- Opening Delimiter -
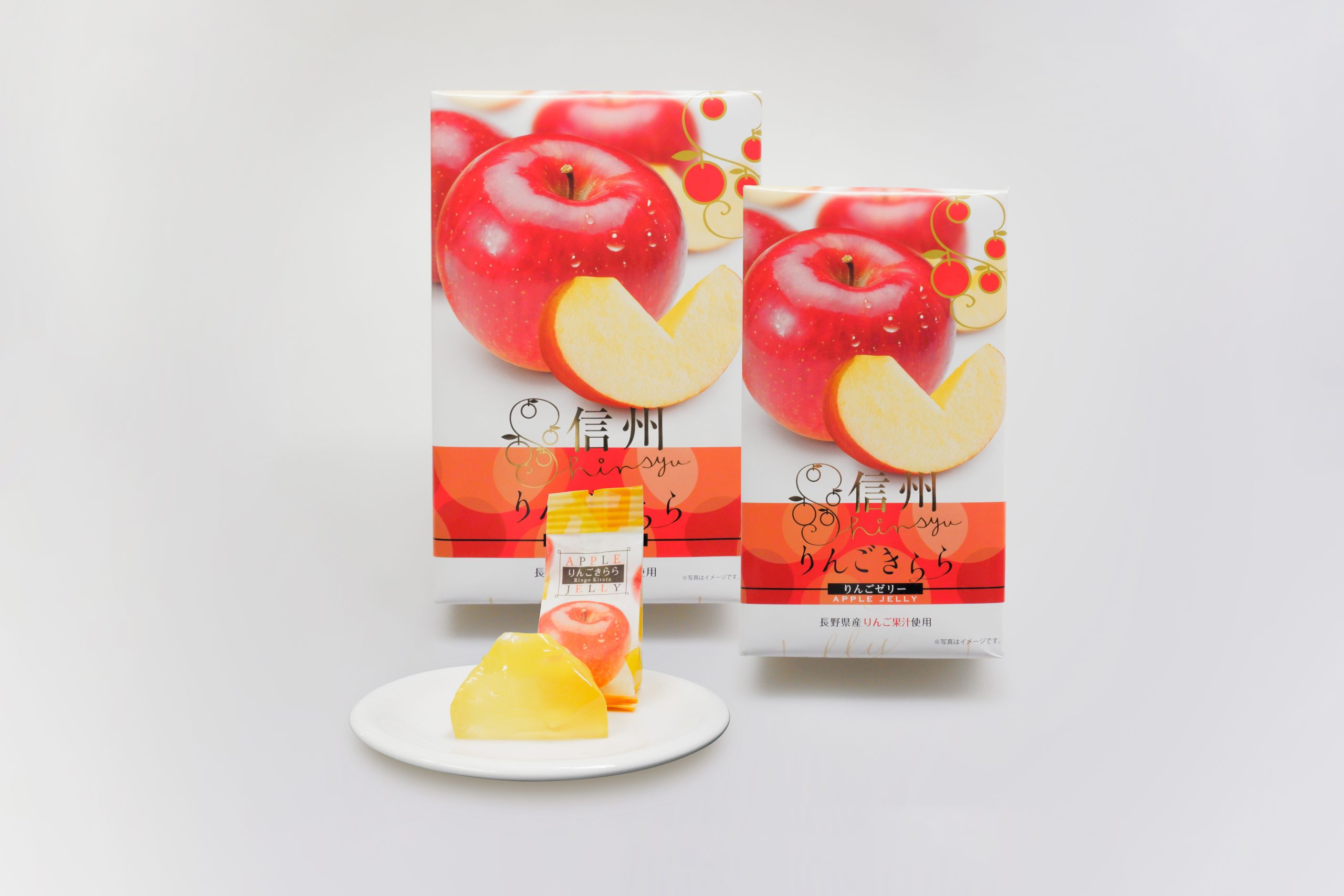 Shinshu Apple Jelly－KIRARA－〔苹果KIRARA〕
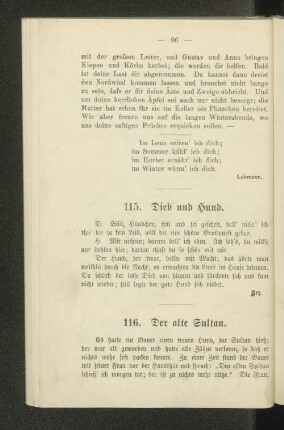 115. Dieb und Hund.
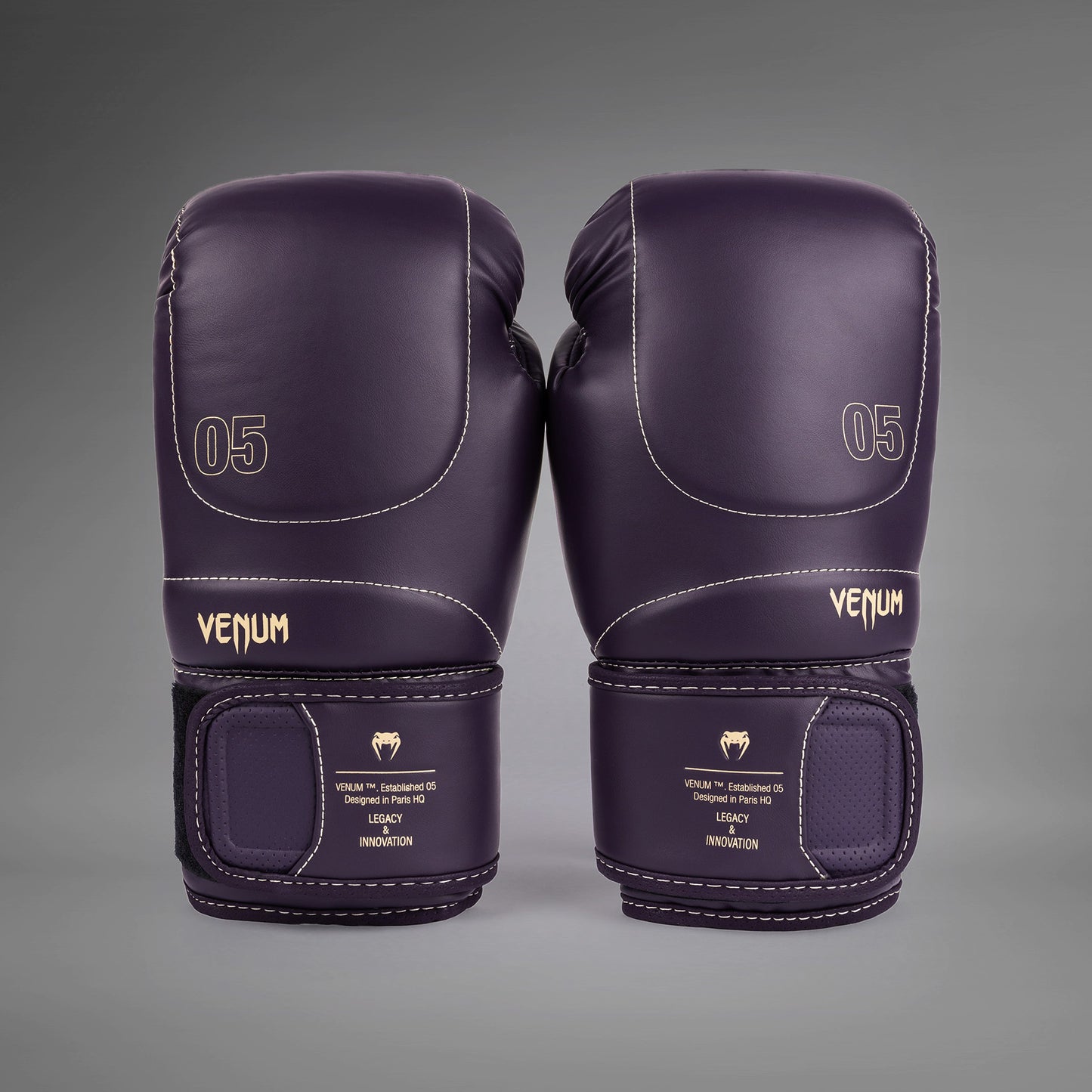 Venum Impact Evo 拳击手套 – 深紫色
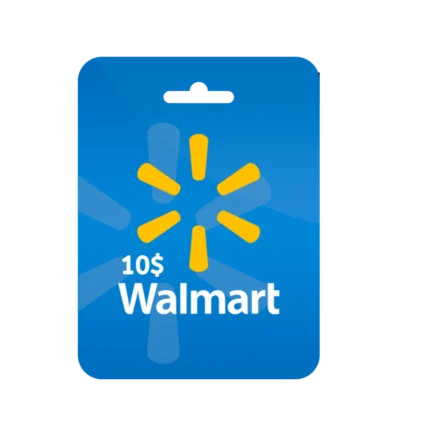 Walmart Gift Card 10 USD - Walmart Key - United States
- Closing Delimiter -
- Opening Delimiter -
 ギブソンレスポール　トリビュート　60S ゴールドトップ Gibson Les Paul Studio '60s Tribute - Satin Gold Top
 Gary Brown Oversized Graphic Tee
- Closing Delimiter -
- Opening Delimiter -
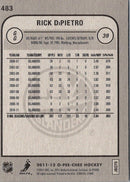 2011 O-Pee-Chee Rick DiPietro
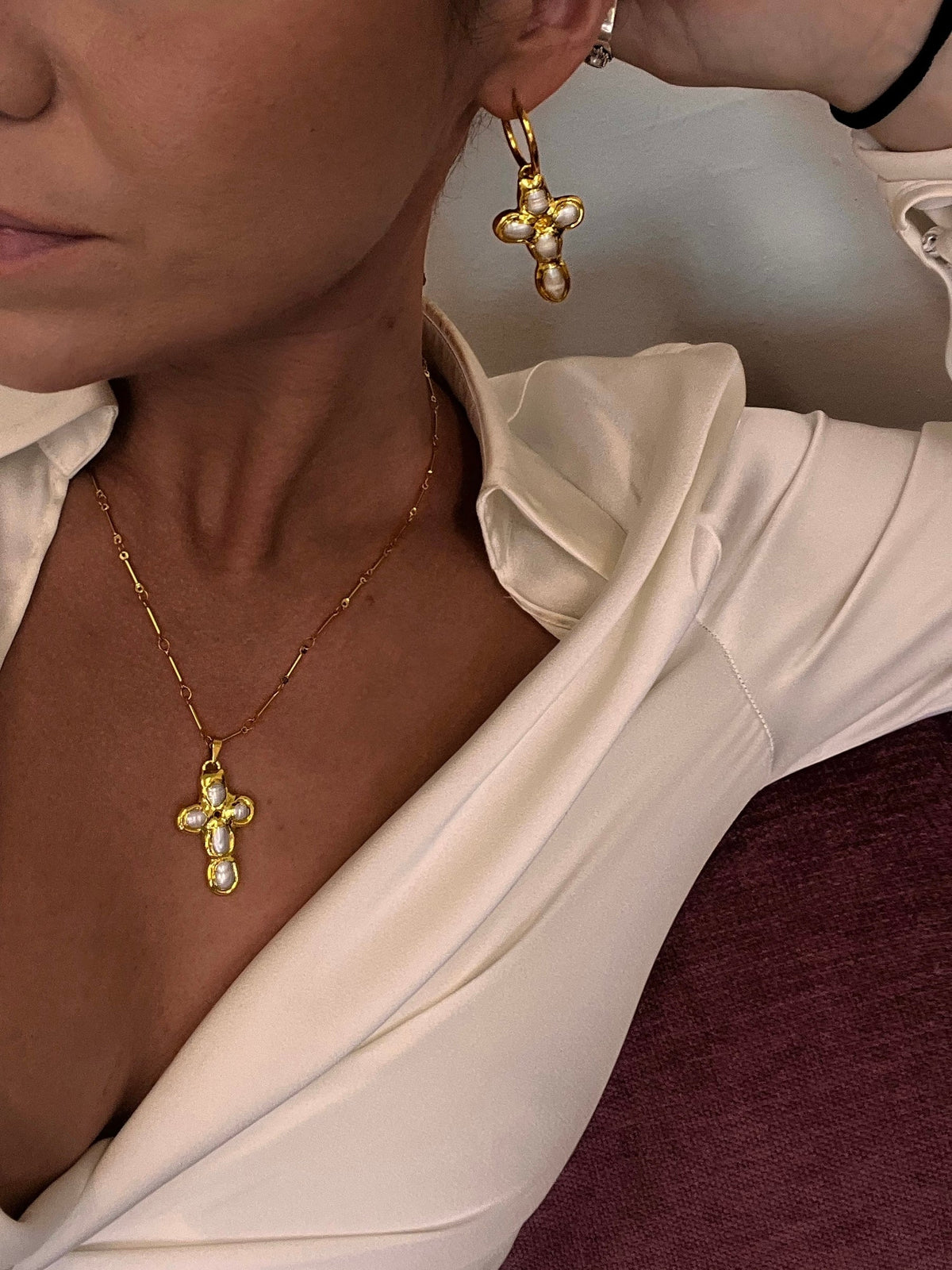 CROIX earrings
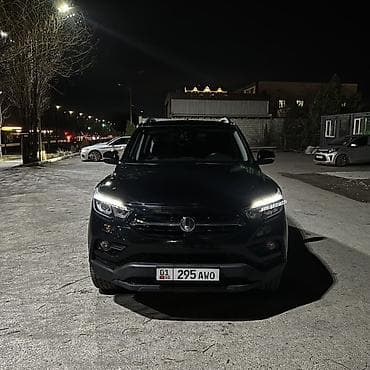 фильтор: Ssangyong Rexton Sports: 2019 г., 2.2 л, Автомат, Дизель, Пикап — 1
- Closing Delimiter -
→ **YOUR INSTRUCTIONS**:
Look above for the line containing "Shinshu Apple Jelly－KIRARA－〔苹果KIRARA〕", then write out every line from there down to the line containing "Walmart Gift Card", that line included, with no pictures.

→ **RESPONSE AREA**:
 Shinshu Apple Jelly－KIRARA－〔苹果KIRARA〕
 115. Dieb und Hund.
 Venum Impact Evo 拳击手套 – 深紫色
 Walmart Gift Card 10 USD - Walmart Key - United States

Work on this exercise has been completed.